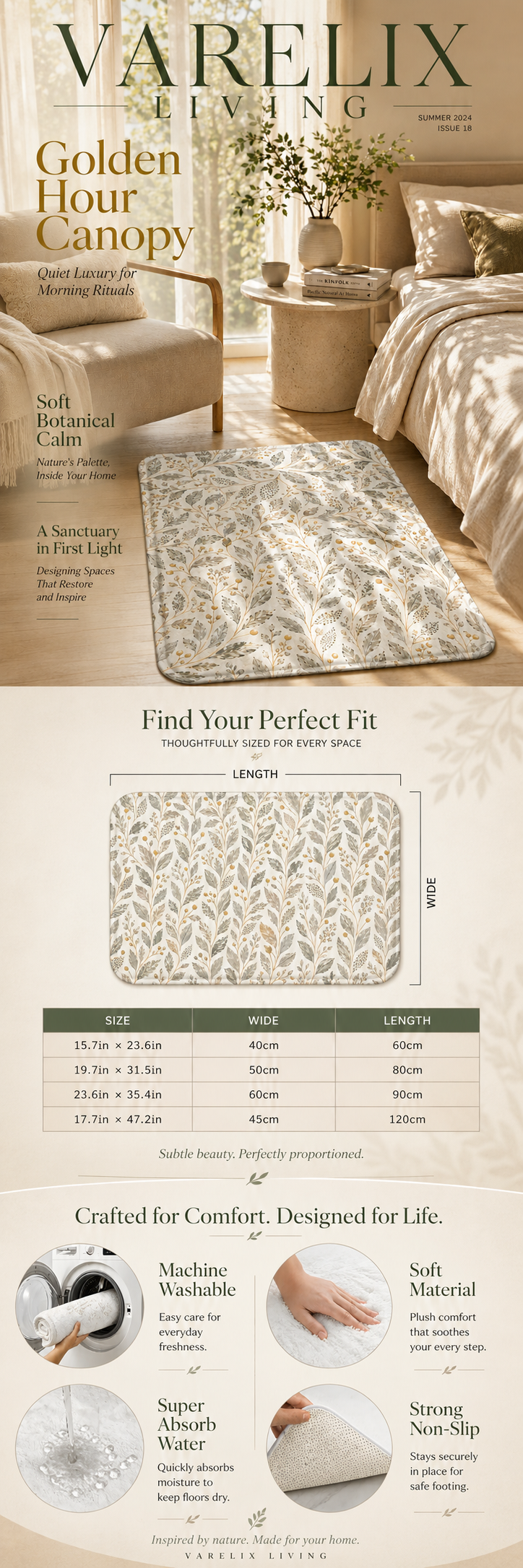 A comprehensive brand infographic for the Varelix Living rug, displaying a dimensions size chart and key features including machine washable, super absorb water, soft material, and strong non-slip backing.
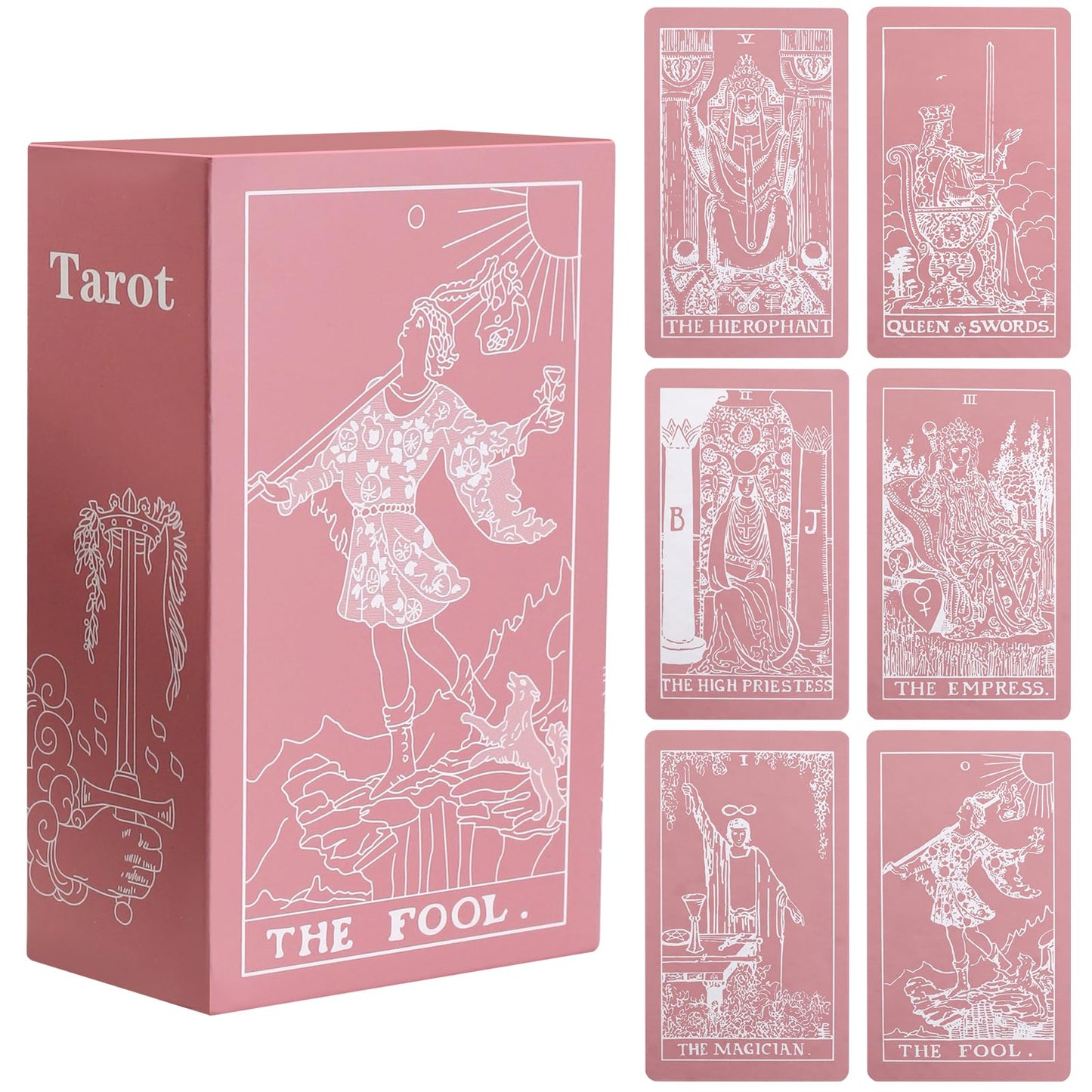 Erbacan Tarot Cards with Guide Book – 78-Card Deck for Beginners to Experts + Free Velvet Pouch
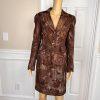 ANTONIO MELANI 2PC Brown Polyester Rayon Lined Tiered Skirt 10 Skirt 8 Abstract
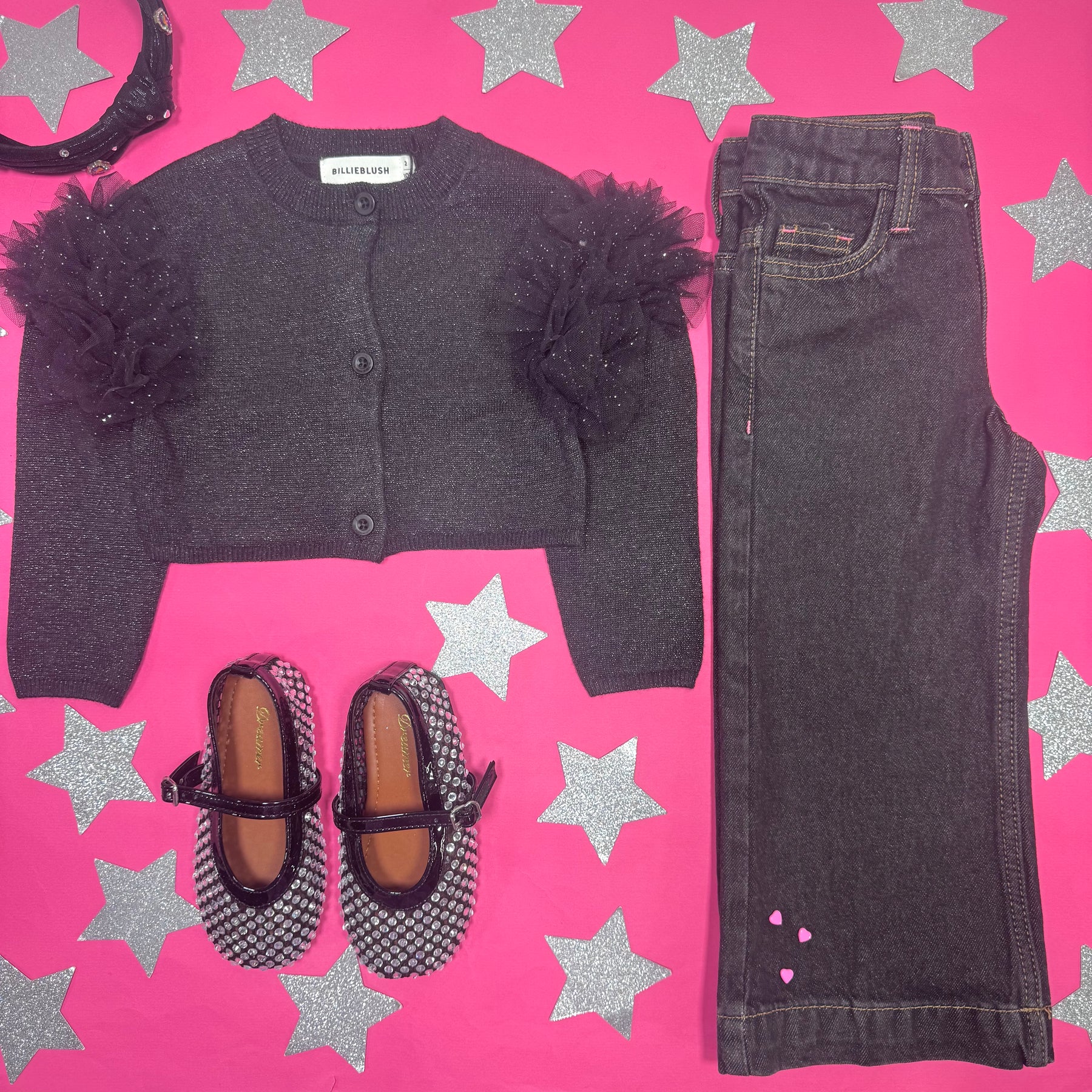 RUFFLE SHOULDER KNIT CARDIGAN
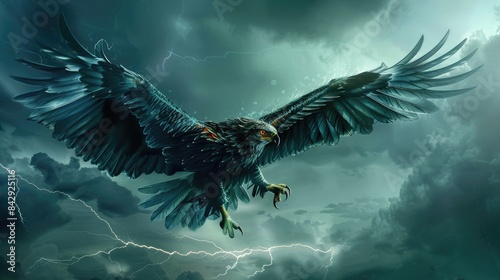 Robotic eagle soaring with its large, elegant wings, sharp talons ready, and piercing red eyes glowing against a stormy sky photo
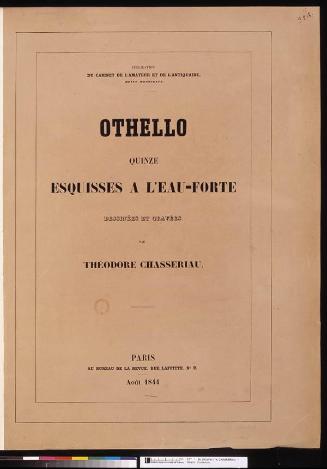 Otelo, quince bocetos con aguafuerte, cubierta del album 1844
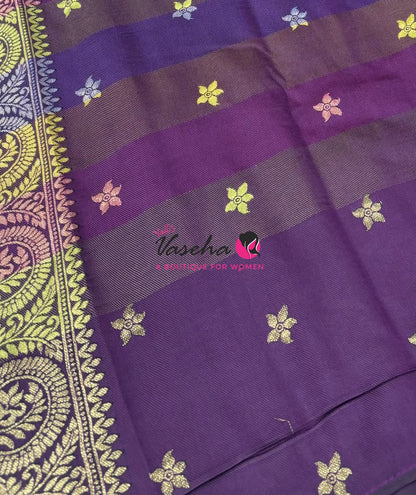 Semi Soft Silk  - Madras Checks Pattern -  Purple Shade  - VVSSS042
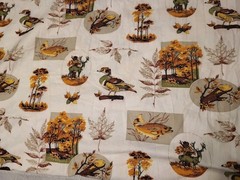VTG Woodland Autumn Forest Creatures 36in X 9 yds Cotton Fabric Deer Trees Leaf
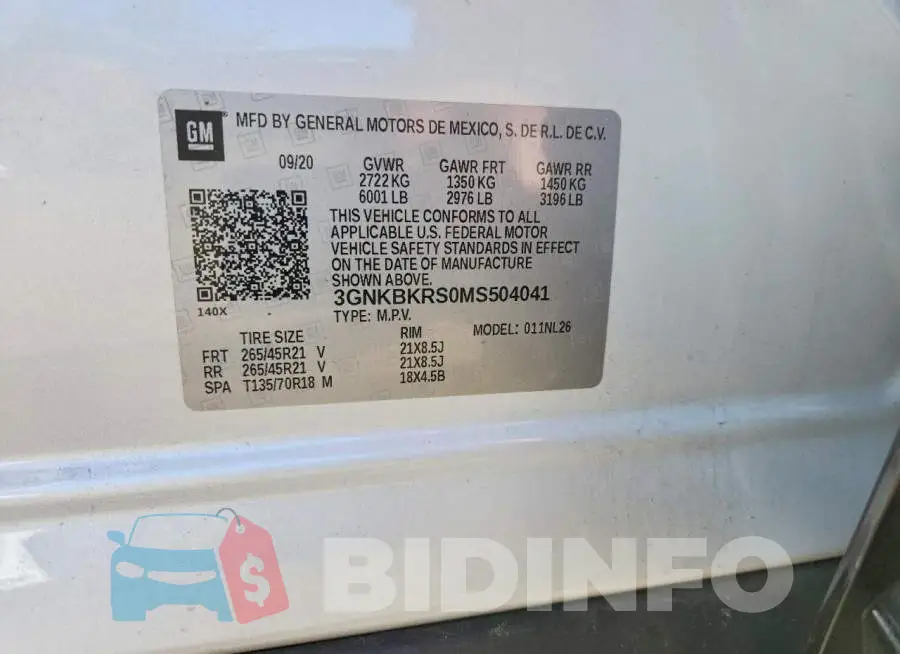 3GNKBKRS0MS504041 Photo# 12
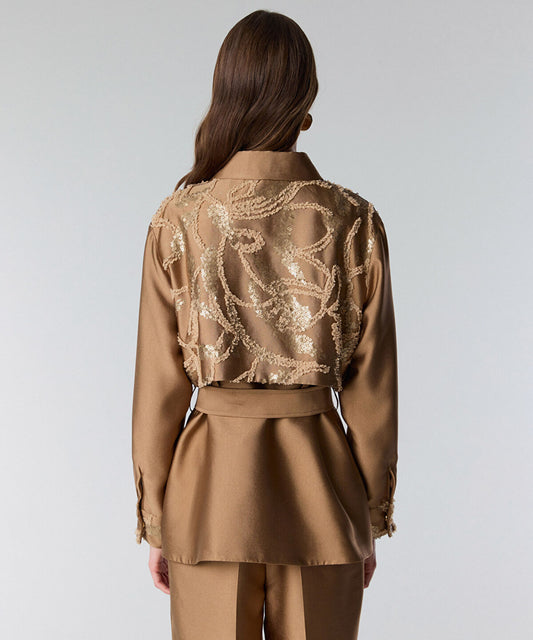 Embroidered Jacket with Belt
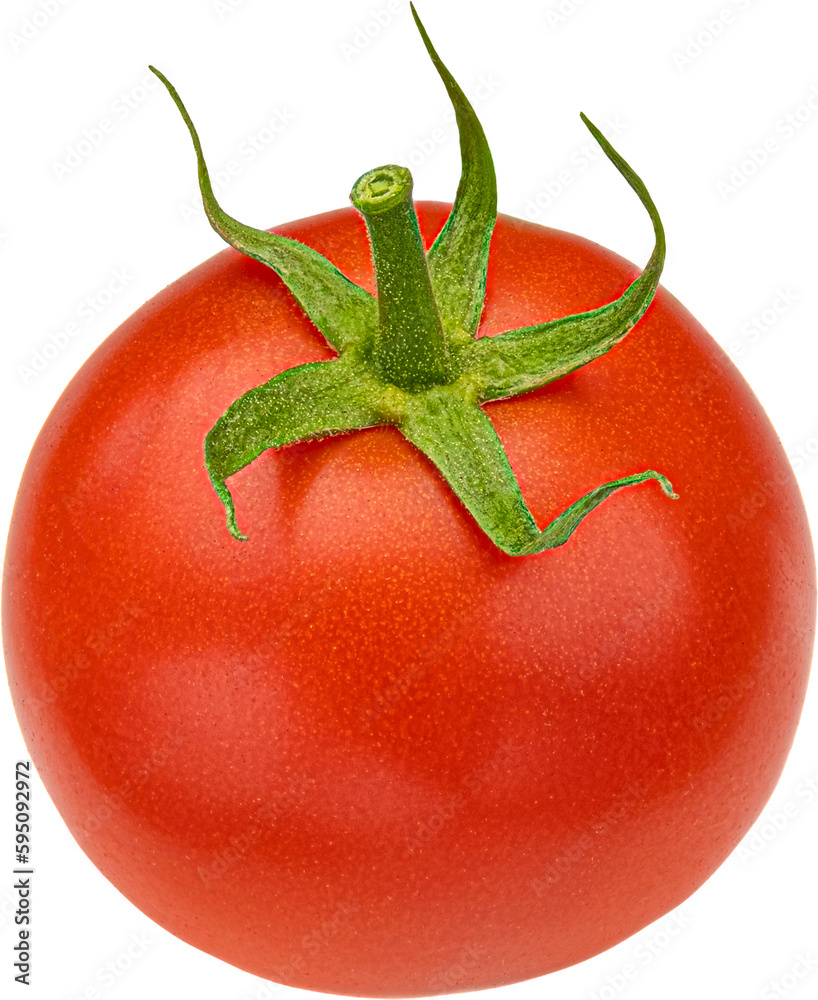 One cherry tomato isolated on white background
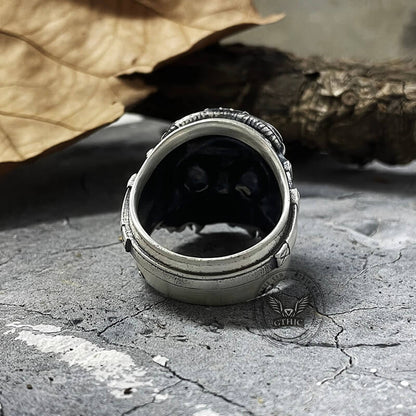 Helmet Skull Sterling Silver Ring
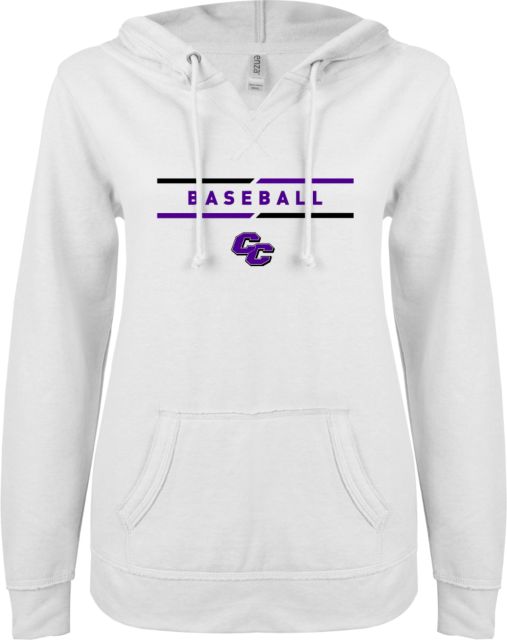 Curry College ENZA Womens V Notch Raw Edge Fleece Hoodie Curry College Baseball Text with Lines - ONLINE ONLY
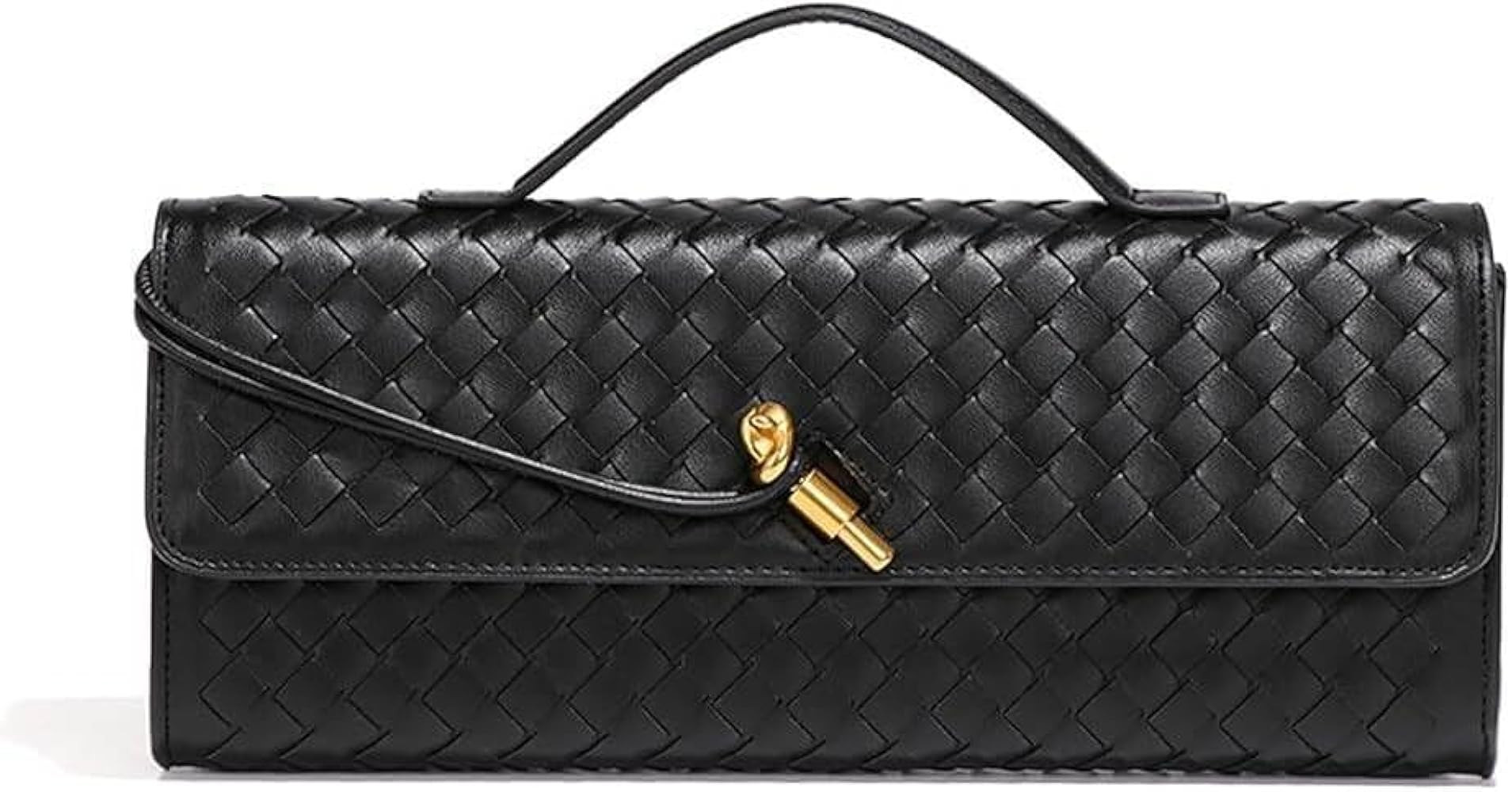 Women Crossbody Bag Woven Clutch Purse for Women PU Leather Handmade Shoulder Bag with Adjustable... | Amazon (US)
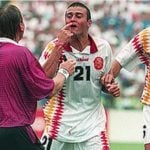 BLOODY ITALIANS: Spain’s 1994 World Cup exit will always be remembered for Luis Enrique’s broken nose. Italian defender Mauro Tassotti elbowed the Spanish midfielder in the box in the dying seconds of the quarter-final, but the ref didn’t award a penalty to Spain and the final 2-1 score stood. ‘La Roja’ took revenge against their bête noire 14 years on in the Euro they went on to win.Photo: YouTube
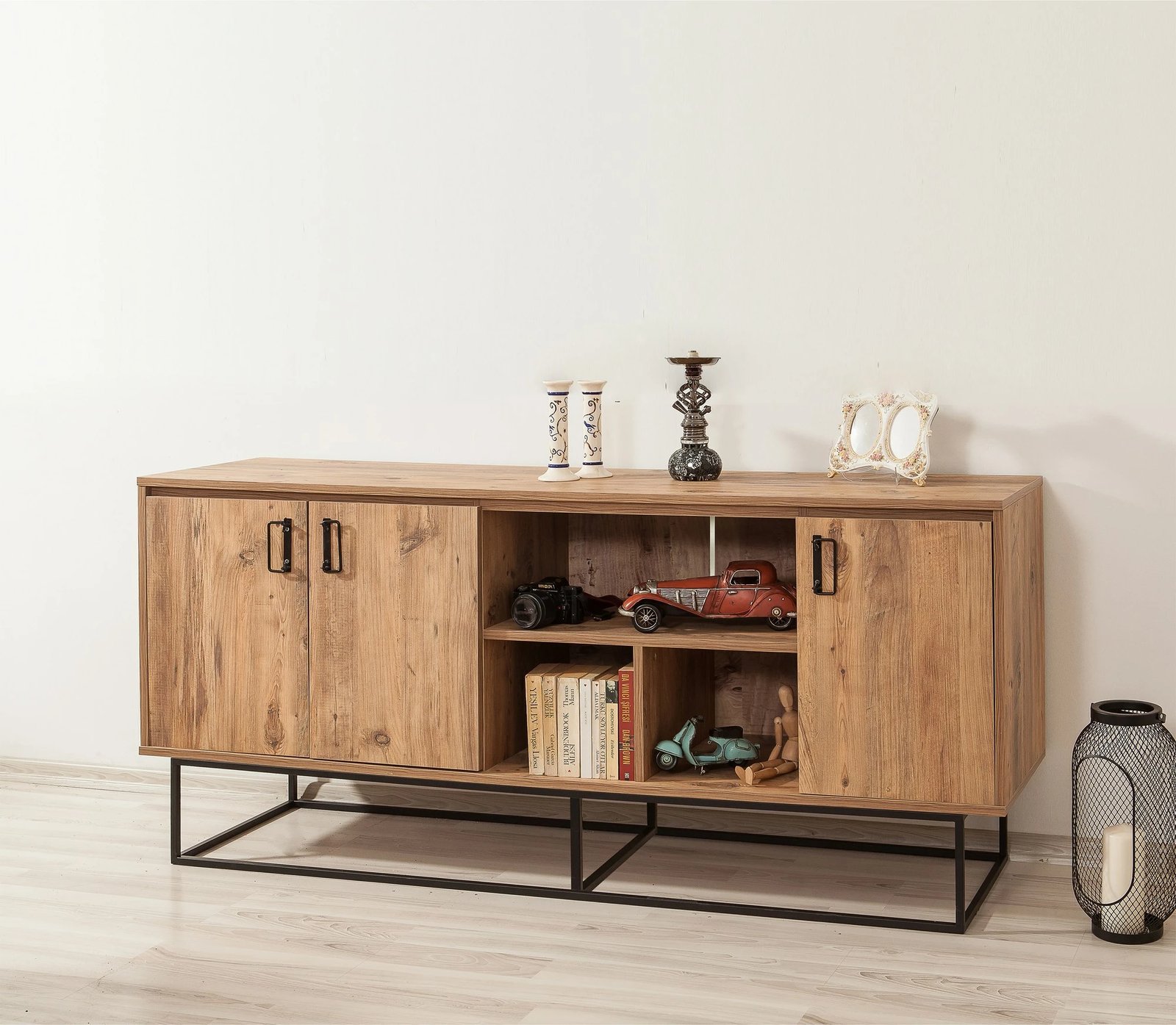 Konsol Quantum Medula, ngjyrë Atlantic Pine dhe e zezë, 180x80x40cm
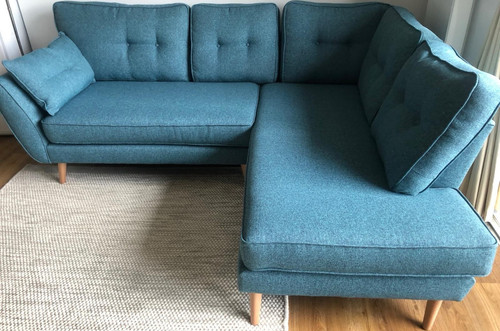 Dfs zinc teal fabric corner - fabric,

• [Work item]: In the records above, find the line containing "RUFFLE SHOULDER KNIT CARDIGAN" and output every line from the first through that one, exactly, omitting pictures.

• [Solution]:
 A comprehensive brand infographic for the Varelix Living rug, displaying a dimensions size chart and key features including machine washable, super absorb water, soft material, and strong non-slip backing.
 Erbacan Tarot Cards with Guide Book – 78-Card Deck for Beginners to Experts + Free Velvet Pouch
 ANTONIO MELANI 2PC Brown Polyester Rayon Lined Tiered Skirt 10 Skirt 8 Abstract
 RUFFLE SHOULDER KNIT CARDIGAN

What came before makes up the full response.